Gilroy – The Fourth of July may have passed, but locals can attend the Fifth Street Live concert to rejuvenate their patriotic spirits this Friday.
That’s because the Morgan Hill Wind Symphony will play a variety of patriotic tunes and American folk songs. The Wind Symphony has a knack for playing a variety of music, from classical and swing, to marches and show tunes.
“The best thing I like about the group is that we have a wide range of age and ability level, but by far, they are able to read difficult literature,” said Vernon Miyata, principal conductor. “As a conductor, it’s just a pleasure to hear them perform.”
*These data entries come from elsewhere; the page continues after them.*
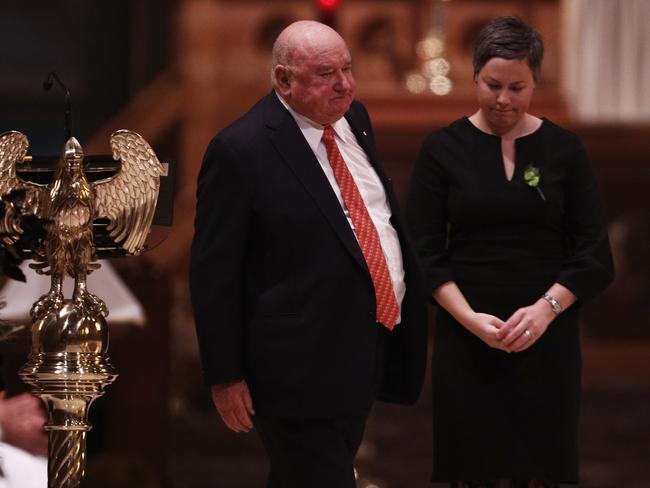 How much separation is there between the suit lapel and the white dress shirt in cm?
4

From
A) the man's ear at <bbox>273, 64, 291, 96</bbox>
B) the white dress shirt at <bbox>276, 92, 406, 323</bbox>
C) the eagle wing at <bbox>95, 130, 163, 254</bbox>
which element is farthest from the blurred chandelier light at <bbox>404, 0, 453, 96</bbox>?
the eagle wing at <bbox>95, 130, 163, 254</bbox>

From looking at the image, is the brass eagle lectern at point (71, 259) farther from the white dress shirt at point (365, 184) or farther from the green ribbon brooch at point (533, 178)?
the green ribbon brooch at point (533, 178)

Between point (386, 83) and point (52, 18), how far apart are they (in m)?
2.44

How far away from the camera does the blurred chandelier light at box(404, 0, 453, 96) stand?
9.22 m

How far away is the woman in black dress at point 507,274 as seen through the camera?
4.63 meters

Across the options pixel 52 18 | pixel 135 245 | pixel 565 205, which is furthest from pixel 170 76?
pixel 135 245

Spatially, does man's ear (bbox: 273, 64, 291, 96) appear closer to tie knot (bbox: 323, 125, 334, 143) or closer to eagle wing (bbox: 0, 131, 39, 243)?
tie knot (bbox: 323, 125, 334, 143)

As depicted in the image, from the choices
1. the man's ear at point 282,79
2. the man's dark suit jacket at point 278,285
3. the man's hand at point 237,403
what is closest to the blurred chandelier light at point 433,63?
the man's ear at point 282,79

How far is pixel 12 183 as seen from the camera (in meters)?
3.65

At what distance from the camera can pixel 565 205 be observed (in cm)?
473

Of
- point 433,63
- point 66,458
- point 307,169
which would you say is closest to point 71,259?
point 66,458

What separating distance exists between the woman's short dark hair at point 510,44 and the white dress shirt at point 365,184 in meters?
0.46

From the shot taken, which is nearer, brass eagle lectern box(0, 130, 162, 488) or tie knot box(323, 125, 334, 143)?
brass eagle lectern box(0, 130, 162, 488)

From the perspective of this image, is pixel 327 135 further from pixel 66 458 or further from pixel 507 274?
pixel 66 458
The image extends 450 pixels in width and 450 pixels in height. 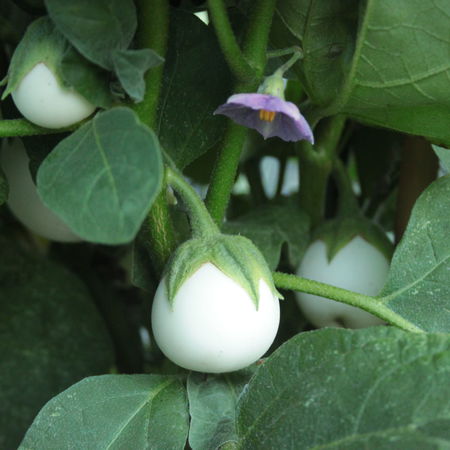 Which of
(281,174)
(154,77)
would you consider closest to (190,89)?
(154,77)

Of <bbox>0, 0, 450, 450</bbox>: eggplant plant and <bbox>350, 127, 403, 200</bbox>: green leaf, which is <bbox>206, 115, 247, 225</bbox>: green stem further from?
<bbox>350, 127, 403, 200</bbox>: green leaf

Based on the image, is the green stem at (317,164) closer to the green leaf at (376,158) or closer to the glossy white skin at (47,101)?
the green leaf at (376,158)

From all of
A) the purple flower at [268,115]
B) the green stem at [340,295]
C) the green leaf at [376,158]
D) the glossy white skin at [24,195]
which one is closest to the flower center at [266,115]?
the purple flower at [268,115]

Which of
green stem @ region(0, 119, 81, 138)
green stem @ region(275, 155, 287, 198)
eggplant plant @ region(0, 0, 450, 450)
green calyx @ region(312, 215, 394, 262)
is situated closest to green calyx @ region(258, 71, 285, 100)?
eggplant plant @ region(0, 0, 450, 450)

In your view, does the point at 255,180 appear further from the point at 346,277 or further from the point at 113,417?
the point at 113,417

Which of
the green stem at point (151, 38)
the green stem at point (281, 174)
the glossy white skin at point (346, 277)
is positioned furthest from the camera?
the green stem at point (281, 174)

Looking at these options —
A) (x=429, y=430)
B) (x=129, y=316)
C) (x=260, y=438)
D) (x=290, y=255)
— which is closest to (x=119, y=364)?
(x=129, y=316)

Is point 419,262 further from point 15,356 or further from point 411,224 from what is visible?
point 15,356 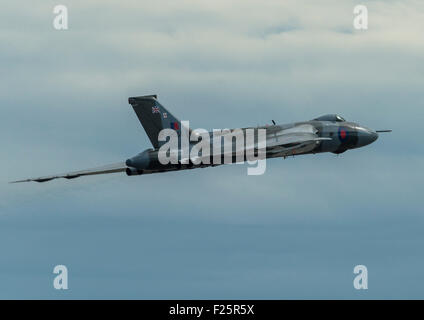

Themed “American Portraits,” the concert will be began at 7pm Friday on Fifth Street, between Eigleberry Street and Monterey Road.The concert is part of Fifth Street Live, a series of outdoor concerts sponsored by the Gilroy Downtown Business Association and the Theater Angels Art League.
Morgan Hill Wind Symphony started off as a church group in 1992 but extended to the community. The band averages 35 to 40 members who come from as far as San Jose and Salinas. The band rehearses regularly at the Morgan Hill Presbyterian Church, and members range from ages 13 to the mid-60s.
The concert will be the seventh of 10 scheduled Fifth Street Live concerts. Following Wind Symphony’s performance, locals can check out Rio, performing Latin rock Aug. 12, a rock show by Interstate Aug. 19 and a Pan American Serenade by Candace Fazzio & Friends Aug. 26.
Larry Mickartz, vice president of Gilroy Downtown Business Association, said Fifth Street Live has been successful in drawing crowds downtown.
“It’s been doing really well,” said Mickartz who said one of measures of its success is the selling of raffle tickets for prizes. “Things have certainly picked up.”
Morgan Hill Wind Symphony’s next performance will be in the end of September. If anyone is interested in joining the band, they can contact Vernon Miyata at 408-297-2581.
The concert will be held Friday at 7 to 8:30pm on Fifth street, between Eigleberry and Monterey. Admission is free, but music lovers must bring their own chairs. Local eateries will be opened before and after the concert.